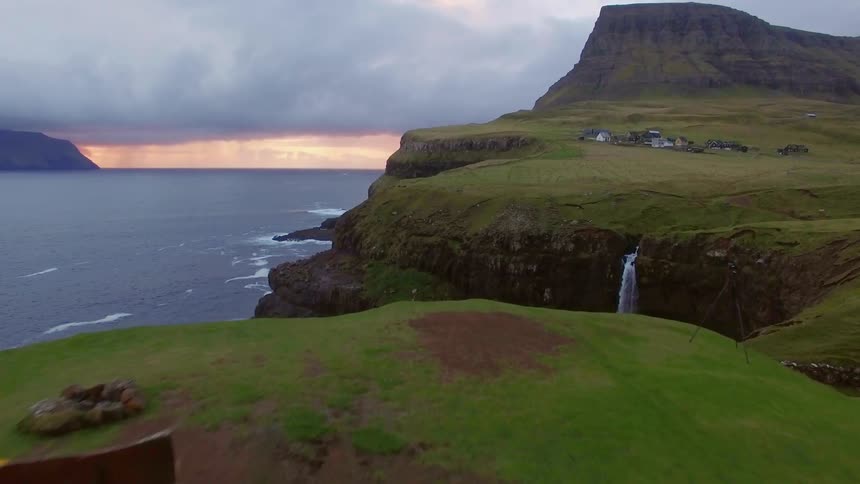 Person sits on a bench at the edge of a cliff overlooking a body of water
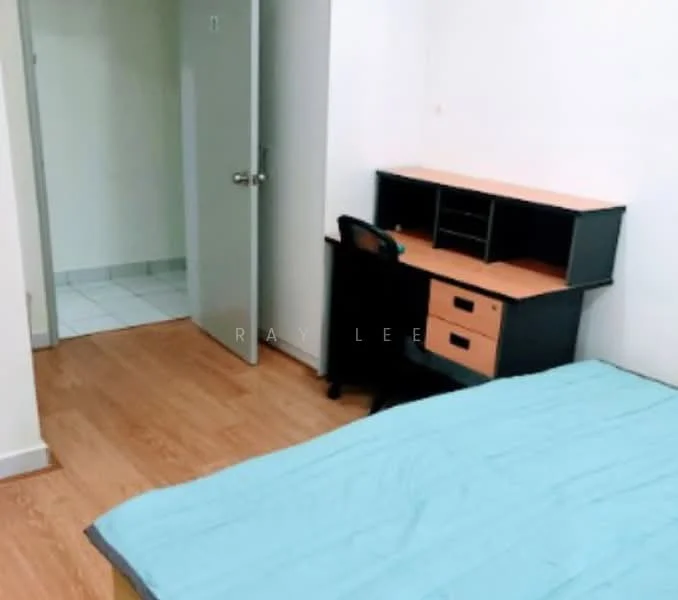 Room features: wooden flooring, light blue bedspread, black desk with drawers, office chair, white walls, door leading to another room, tile flooring visible in adjacent area.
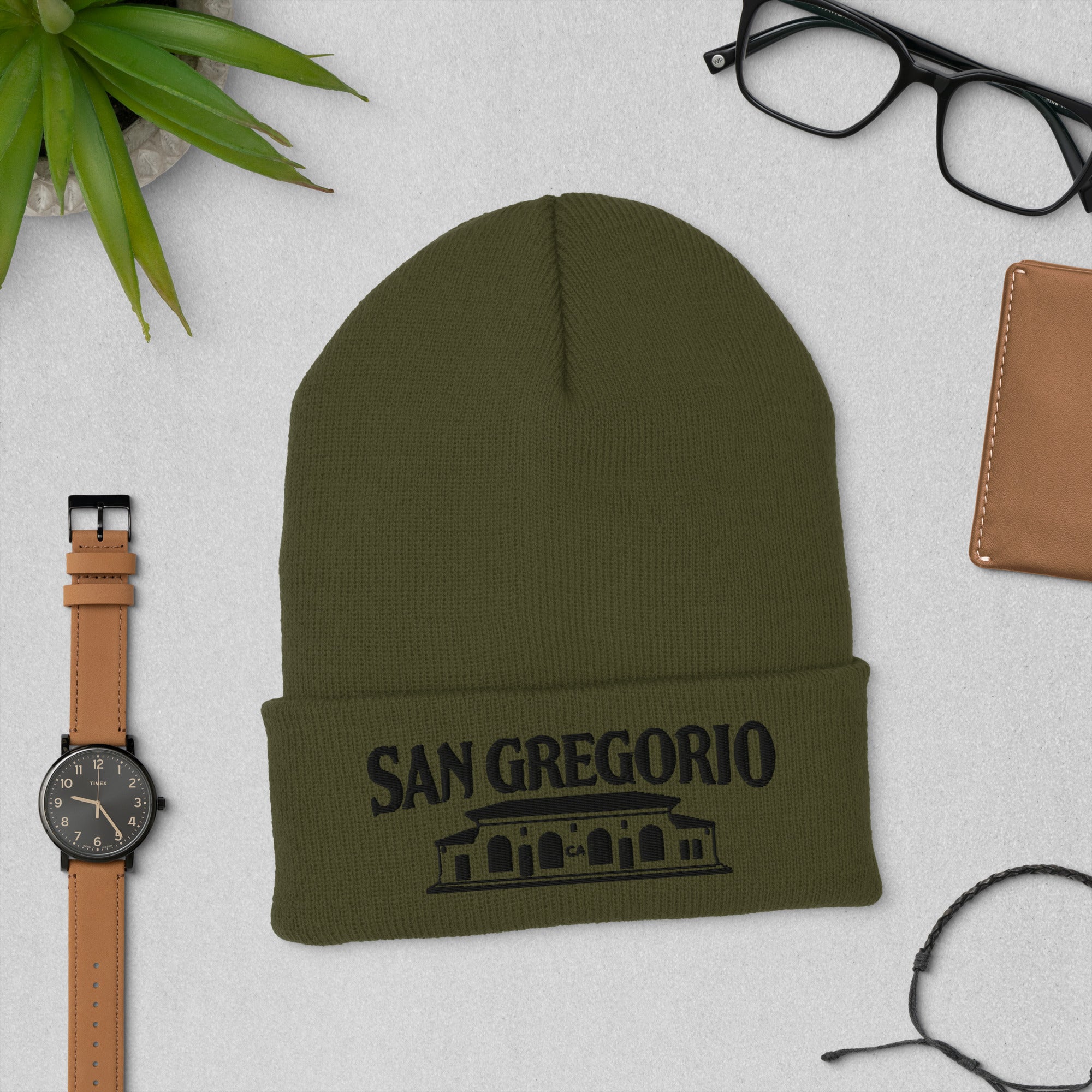 olive green beanie with San Gregorio General Store design embroidered on cuff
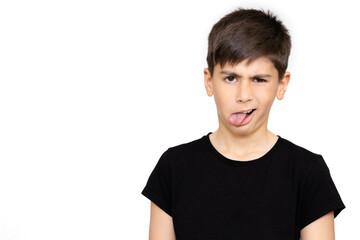 Boy sticking out his tongue on white background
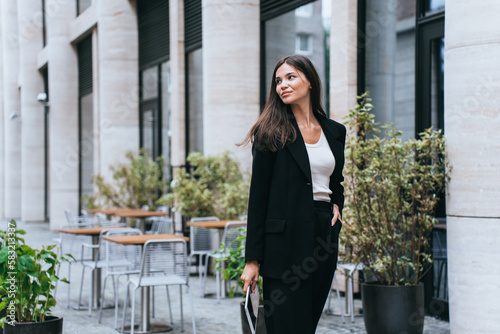 Pensive Asian brunette young businesswoman in black suit against building holds laptop looks at camera. Attractive female entrepreneur planning day. Purposeful student girl preparing for exam.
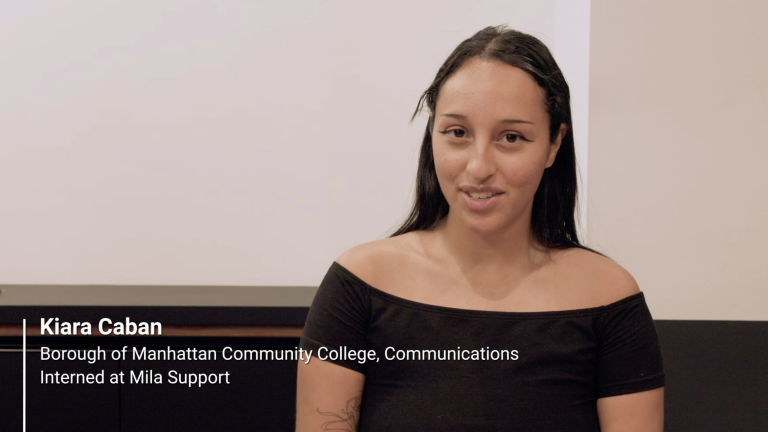 A woman with long dark hair, wearing an off-the-shoulder black top, sits and smiles at the camera. On-screen text reads: Kiara Caban, Borough of Manhattan Community College, Communications. Interned at Mila Support.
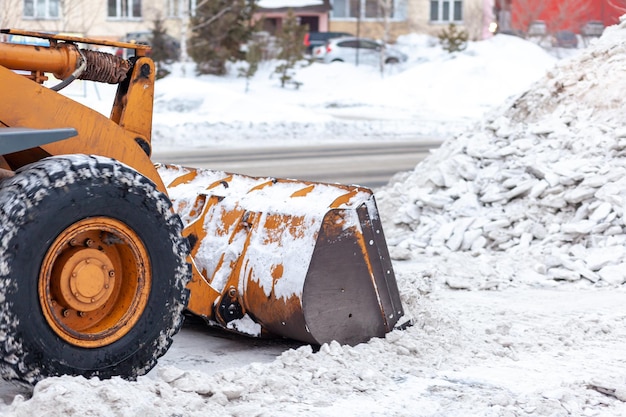 Duży pomarańczowy traktor odśnieża drogi Sprzątanie i czyszczenie dróg w mieście od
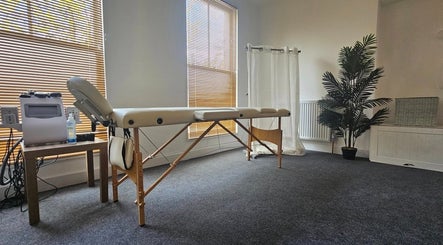 Relaxing massage room at Glow Aura UK, Gravesend, England, GB, featuring a comfortable treatment table.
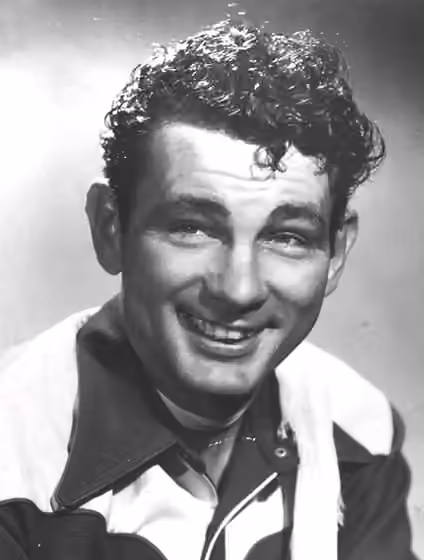 Western swing — Western swing bandleader Adolph Hofner, pictured on an Okeh Records promotional portrait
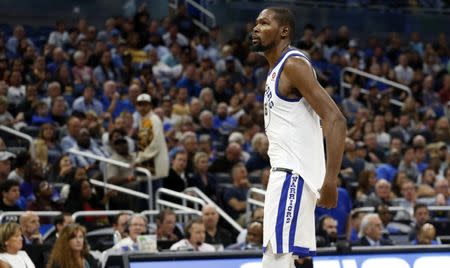 Dec 1, 2017; Orlando, FL, USA;Golden State Warriors forward Kevin Durant (35) looks on as he walks off the court after he was ejected against the Orlando Magic during the second half at Amway Center. Mandatory Credit: Kim Klement-USA TODAY Sports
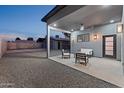 Covered outdoor patio with comfortable seating, ceiling fan and warm lighting, perfect for relaxation at 1211 E Hayward Ave, Phoenix, AZ 85020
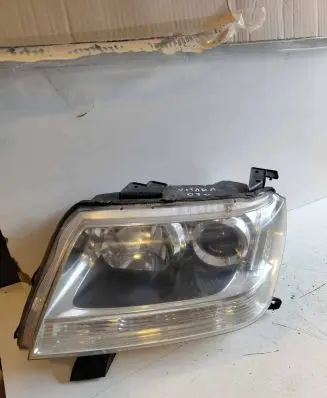 Suzuki Grand Vitara II Headlight/headlamp 10059079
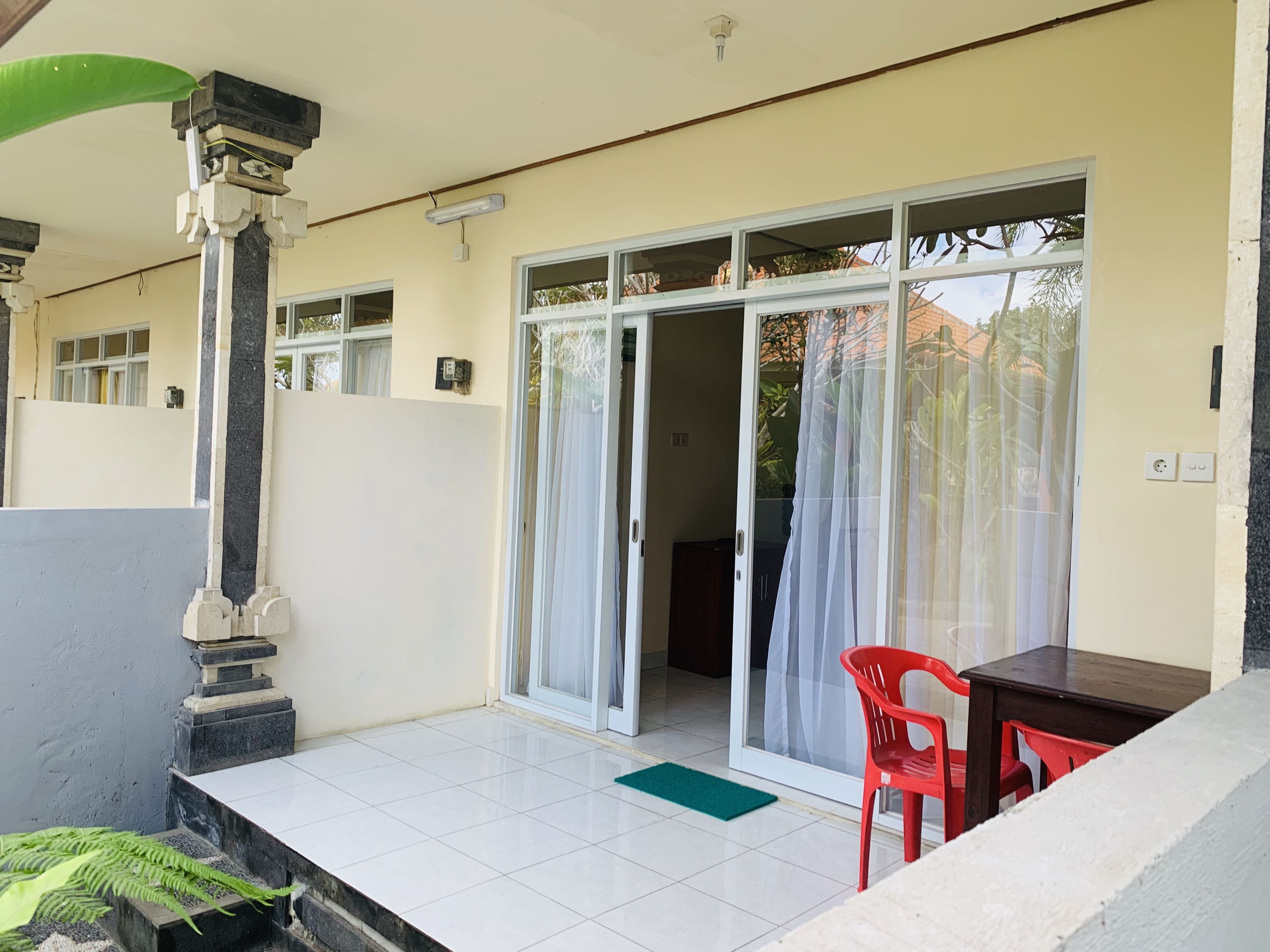 A room with a tiled floor, a sliding glass door, a red chair, and a small table.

★ ★ ★

THE TASK - Set the records down again word for word; the pictures stay out.

TASK SOLUTION -
 Person sits on a bench at the edge of a cliff overlooking a body of water
 Room features: wooden flooring, light blue bedspread, black desk with drawers, office chair, white walls, door leading to another room, tile flooring visible in adjacent area.
 olive green beanie with San Gregorio General Store design embroidered on cuff
 Boy sticking out his tongue on white background
 Pensive Asian brunette young businesswoman in black suit against building holds laptop looks at camera. Attractive female entrepreneur planning day. Purposeful student girl preparing for exam.
 A woman with long dark hair, wearing an off-the-shoulder black top, sits and smiles at the camera. On-screen text reads: Kiara Caban, Borough of Manhattan Community College, Communications. Interned at Mila Support.
 Duży pomarańczowy traktor odśnieża drogi Sprzątanie i czyszczenie dróg w mieście od
 Relaxing massage room at Glow Aura UK, Gravesend, England, GB, featuring a comfortable treatment table.
 Western swing — Western swing bandleader Adolph Hofner, pictured on an Okeh Records promotional portrait
 Dec 1, 2017; Orlando, FL, USA;Golden State Warriors forward Kevin Durant (35) looks on as he walks off the court after he was ejected against the Orlando Magic during the second half at Amway Center. Mandatory Credit: Kim Klement-USA TODAY Sports
 Covered outdoor patio with comfortable seating, ceiling fan and warm lighting, perfect for relaxation at 1211 E Hayward Ave, Phoenix, AZ 85020
 Suzuki Grand Vitara II Headlight/headlamp 10059079
 A room with a tiled floor, a sliding glass door, a red chair, and a small table.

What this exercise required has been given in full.